STATE OF OHIO, Plaintiff-Appellee, v. BRIAN L. ANDERSON, Defendant-Appellant.

Atty. James L. Peters, Monroe County Prosecutor, for Plaintiff-Appellee and. Brian L. Anderson, Defendant-Appellant.


Criminal Appeal from the Court of Common Pleas of Monroe County, Ohio Case No. 2021-243

JUDGMENT: Affirmed.

Atty. James L. Peters, Monroe County Prosecutor, for Plaintiff-Appellee and.

Brian L. Anderson, Defendant-Appellant.

BEFORE: Katelyn Dickey, Cheryl L. Waite, Mark A. Hanni, Judges.

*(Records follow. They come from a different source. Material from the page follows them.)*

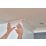 Supercove External Corner Set 127mm x 290mm 4 Pack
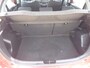 Toyota Yaris 1.5 Hybrid Dynamic Automaat, ECC, LM velgen
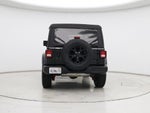 2023 Wrangler Thumbnail 6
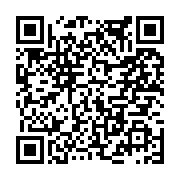 고시/공고 페이지 바로가기 주소(https://www.jangseong.go.kr/q/ezIyOHwxNjk0N3xzaG93fHBhZ2U9ODgyfQ==&e=M&s=3), QRCODE
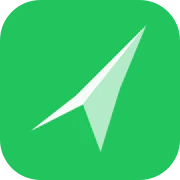 IGSendMail logo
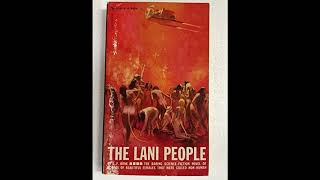 The Lani People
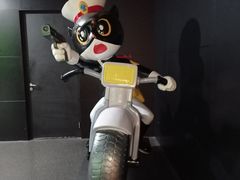 -上海电影博物馆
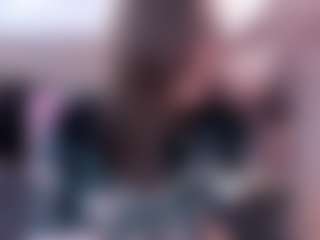 KingNkathe's Live Sex Cam Show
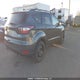 1FMCU9GD1JUB89438 2018 Ford Escape Se auction photo thumbnail 4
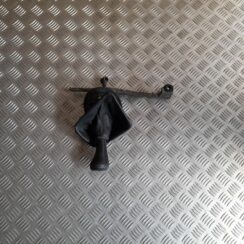 Ātrumu pārslēgšanas slēdzis priekš BMW 320D E46 2004 TOURING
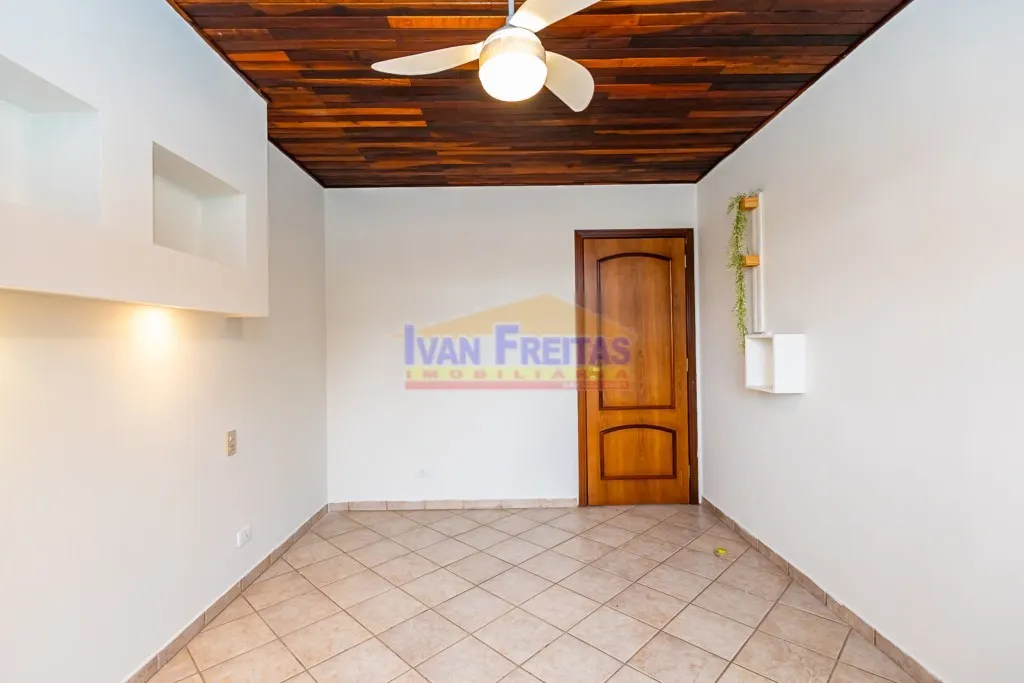 Apartamento com 5 quartos e 508 m², 5 vagas e varanda — photo 48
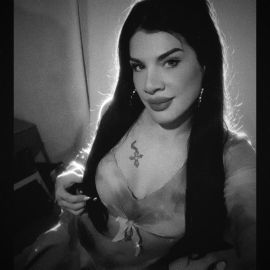 Catalina Santana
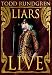 Search : Todd Rundgren - Liars Live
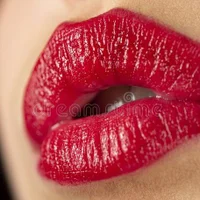 รูปโปรไฟล์ของ AlannaStephen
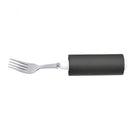 Utensil, soft handle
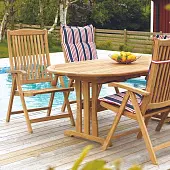 Масла и лаки для дерева TimberCare масло тиковое натуральное timbercare teak oil цвет прозрачный, 2,5л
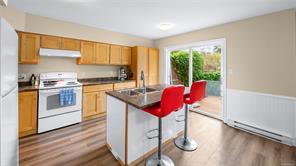 1602 ONeill Rd — listing photo 13 of 35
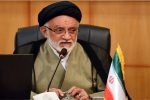 لزوم برخورد قاطع با اراذل و اوباش شیراز از سوی فراجا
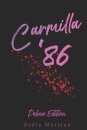 Carmilla '86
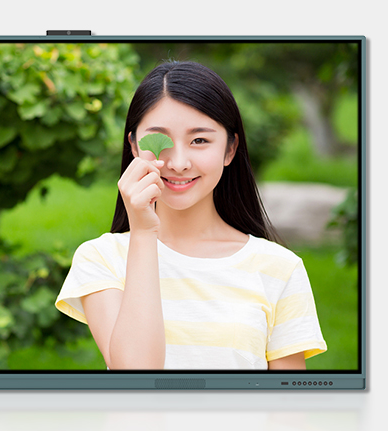 China Digital Signage And Displays | Low Price Digital Signage And Displays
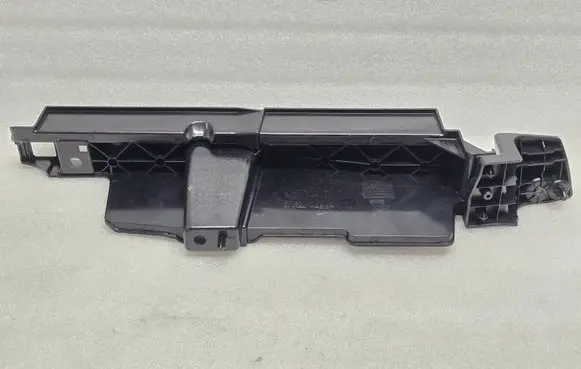 Volvo XC90 Other interior part 31377848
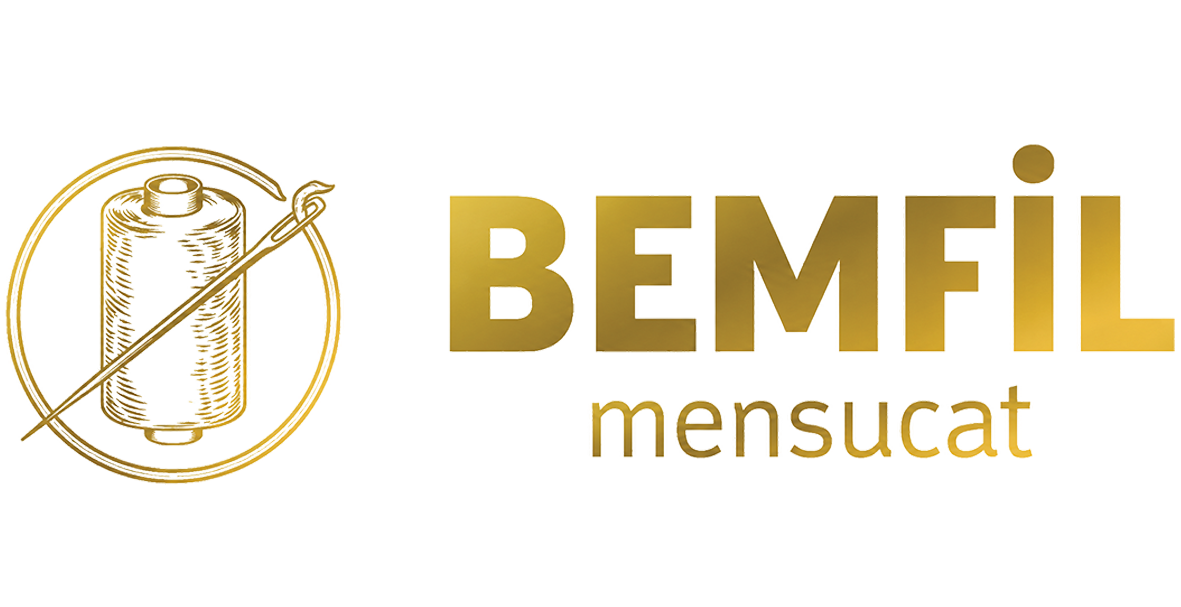 Bemfil Mensucat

OPINION AND JUDGMENT ENTRY

DICKEY, J.

{¶1} Pro se Appellant, Brian L. Anderson, appeals from the December 12, 2023 judgment of the Monroe County Court of Common Pleas dismissing his untimely second pro se petition for postconviction relief without a hearing. On appeal, Appellant asserts he is entitled to postconviction relief due to various due process violations, ineffective assistance of counsel, prosecutorial misconduct, and other issues that he claims arose during the pre-trial phase of his case. Because Appellant's petition was untimely filed, no exception entitling him to relief was demonstrated, his claims are barred by principles of res judicata, and there are additionally no substantive, supporting grounds, the trial court did not abuse its discretion in dismissing his successive petition without a hearing. Accordingly, we affirm.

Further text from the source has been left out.